Die türkische Wirtschaft schaut zunehmend in die Röhre. Die Inflation liegt unverändert bei 9-10%, die Arbeitslosigkeit bei 10%+, der Börsenindex hat sein Allzeithoch von 2013 längst nicht mehr erreichen können und die Landeswährung ist auf einem Rekordtiefstand. Zudem bleibt der Tourismus aus und man verscherzt es sich mit seinem größten Handelspartner, dem deutschen Kapital.
Alle Zeichen stehen also auf eine Verschärfung der Wirtschafts- bzw. Systemkrise und somit auch eine Verschärfung des Krieges im Osten der Türkei. Nun wird sich die Frage stellen, ob es Erdogan schnell genug schafft den Staat zu einer offenen Diktatur umzubauen, um seine Macht zu halten und entstehende Kritiker in der eigenen Bourgeoisie Fraktion früh genug daran zu hindern, einen Putsch zu organisieren. Hier bleibt auch die Frage, ob der Staat zu einem faschistischen System umgebaut wird, wonach es durchaus aussieht oder man den Weg des Bonarpartismus eingeschlagen hält. Viel dürfte davon abhängen, wie der Krieg gegen die kurdische Bevölkerung verläuft, wie hoch die eigenen Verluste sein werden und ob man die derzeitige kleinbürgerliche und vor allem kleinbäuerische Massenbasis halten kann.
Auf Frieden ist man in nächster Zeit wohl eher nicht bedacht, auch wenn schon die ersten Bagger wieder anfangen Cizre und Amed-Sur aufzubauen. In Maras z.B. werden inmitten von alevitischen Dörfern, sunnitische Flüchtlinge aus Syrien angesiedelt, denen man u.a. auch das türkische Wahlrecht zugestehen will. Wissen muss man hierzu, dass die alevitische Gemeinschaft in der Türkei seit langem von der sunnitischen Mehrheit unterdrückt und verfolgt wird, es auch in Maras schon zu mehreren Massakern gekommen ist.
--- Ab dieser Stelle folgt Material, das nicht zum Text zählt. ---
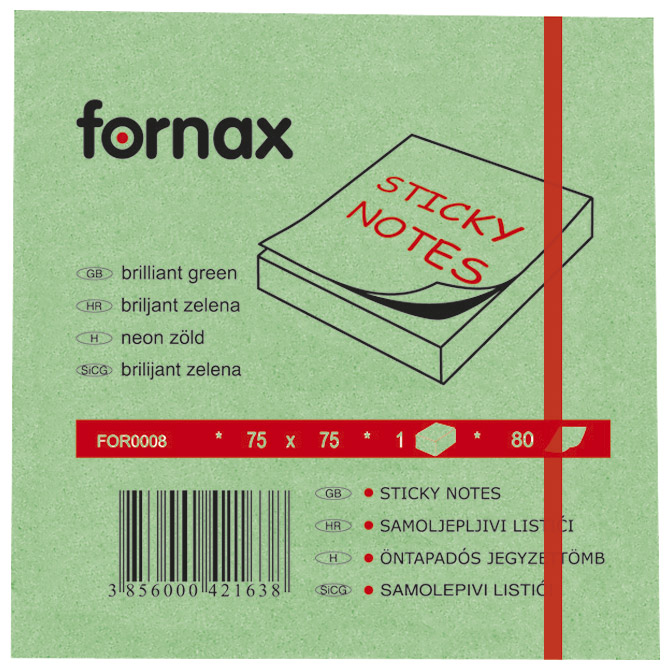 Blok samoljepljiv 75x75mm 80L Fornax neon-zeleni Blok samoljepljiv 75x75mm 80L Fornax neon-zeleni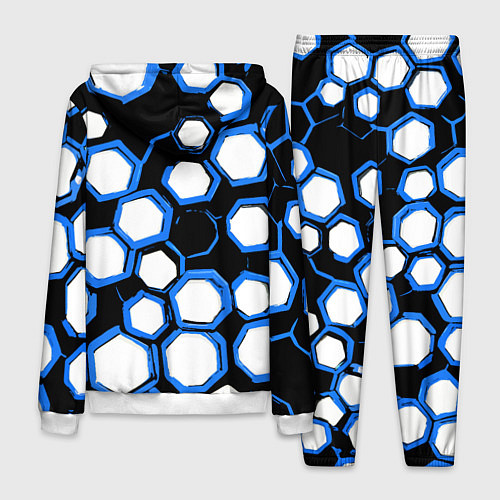Мужской костюм Бело-синие шестиугольники на чёрном фоне / 3D-Белый – фото 2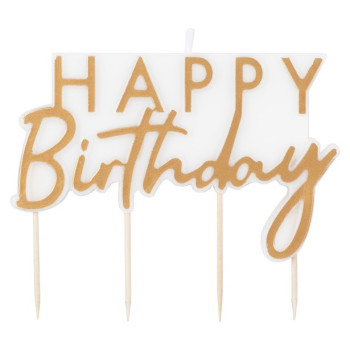 Candela di compleanno Oro e Bianco – decorazione torta per compleanno elegante - Boutique Svizzera BelleFete.ch 2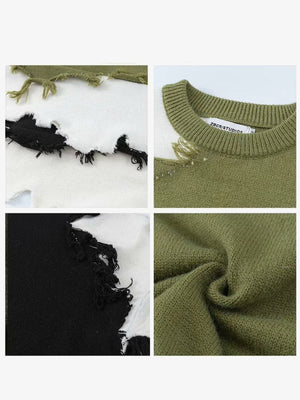 Fringe Color Block Knit Sweater – fringe, neckline and fabric close-ups | XoKool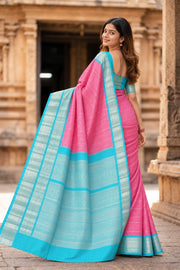 Pink Korvai Kanjivaram Silk Saree 10077922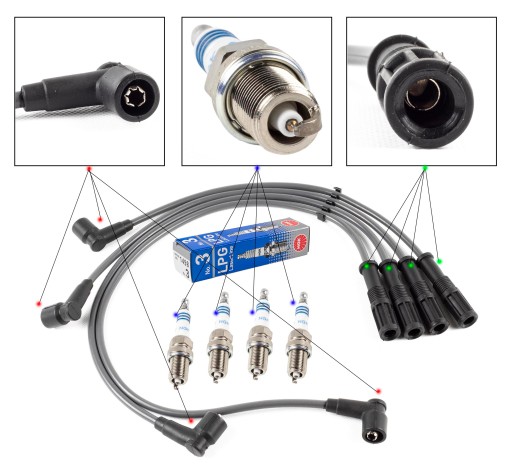 ZPR_53-0032_1498 - Провода+свечи ngk fiat cinquecento 1.1 94-98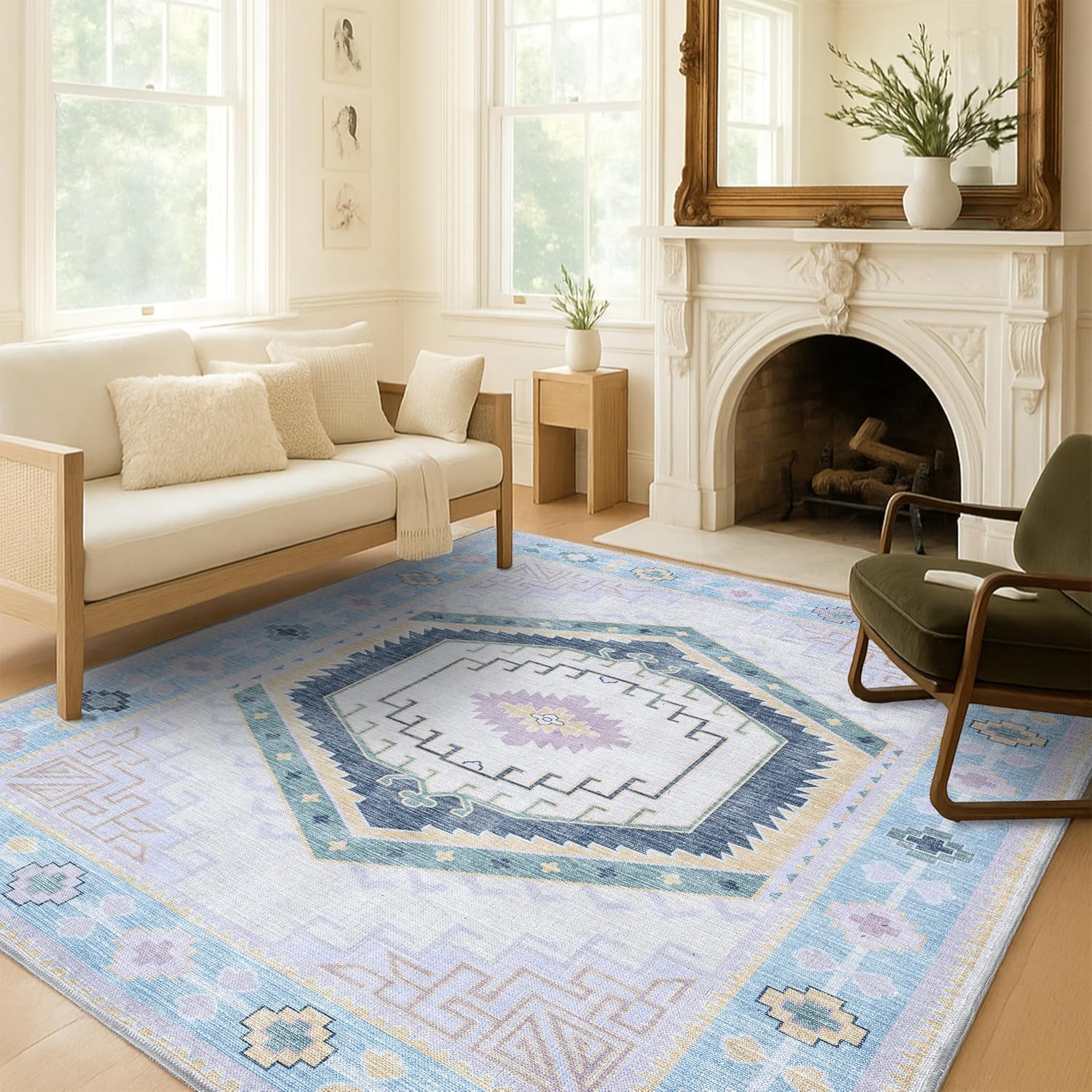 Fame Living Washable Area Rug. Modern Farmhouse. Vintage. Turkish. Bohemian. Distressed. Oriental. Traditional. Rugs for Living Room. Dining. Bedroom. Office. Entryway. Foyer. (856PBl, 9'5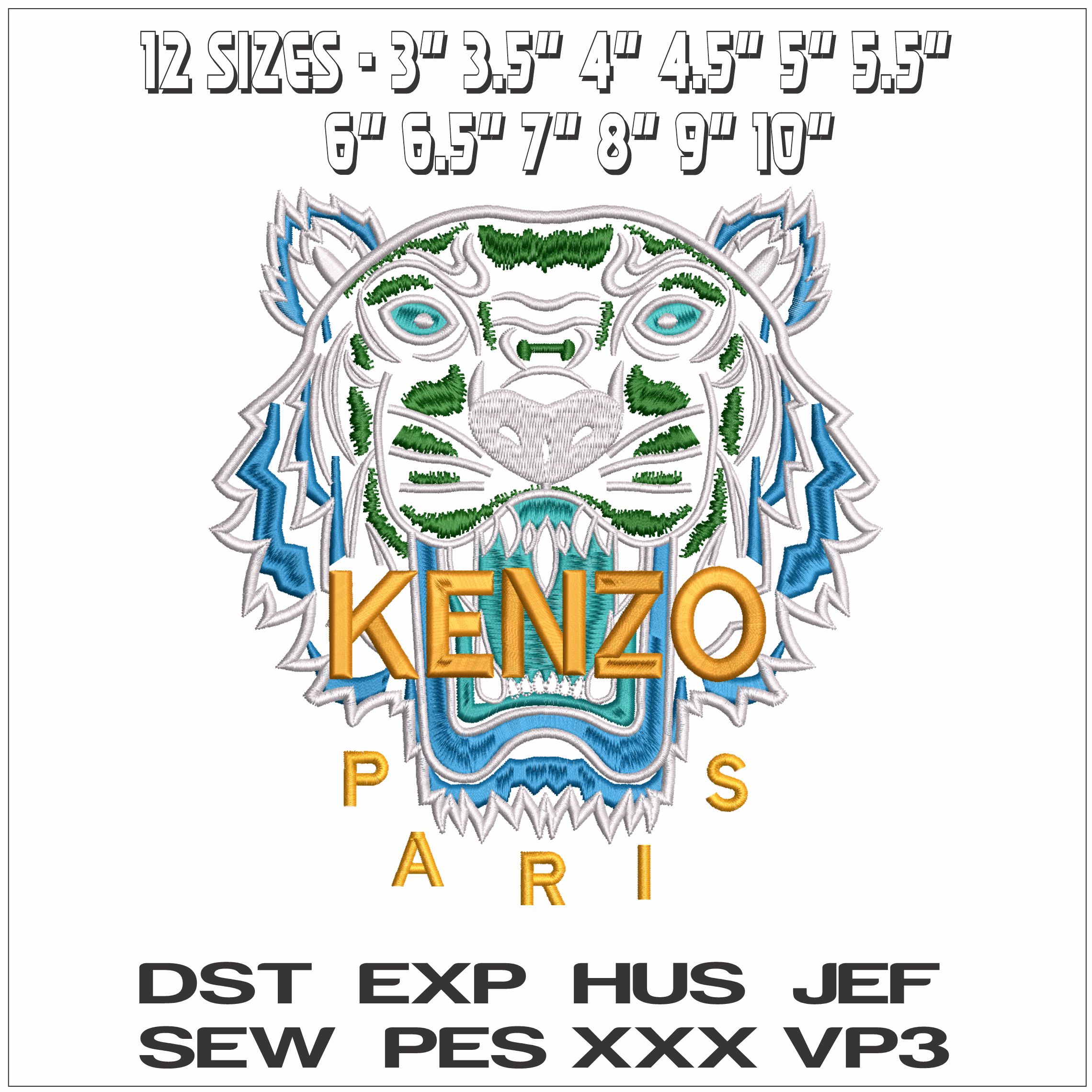 KENZO Paris Tiger- Elegant embroidery design file - instant download — view 2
Was aus den hunderttausenden von kurdischen Flüchtlingen wird, die aus Cizre, Nusaybin, Amed-Sur etc. fliehen mussten und nun keine Häuser oder Jobs mehr besitzen, ist bislang auch noch nicht klar. Denn Geld für neue Häuser haben die allermeisten nicht, genauso wenig können sie sich die Mieten der später neu entstehenden Häuser leisten. Vor allem wenn diese Menschen in die westlichen Metropolen strömen, wird das Konfliktpotential noch einmal weiter angeheizt.
Das schreckt potentielle Investoren weiter ab, lässt Kapital abfließen und wirkt als Katalysator der Krise.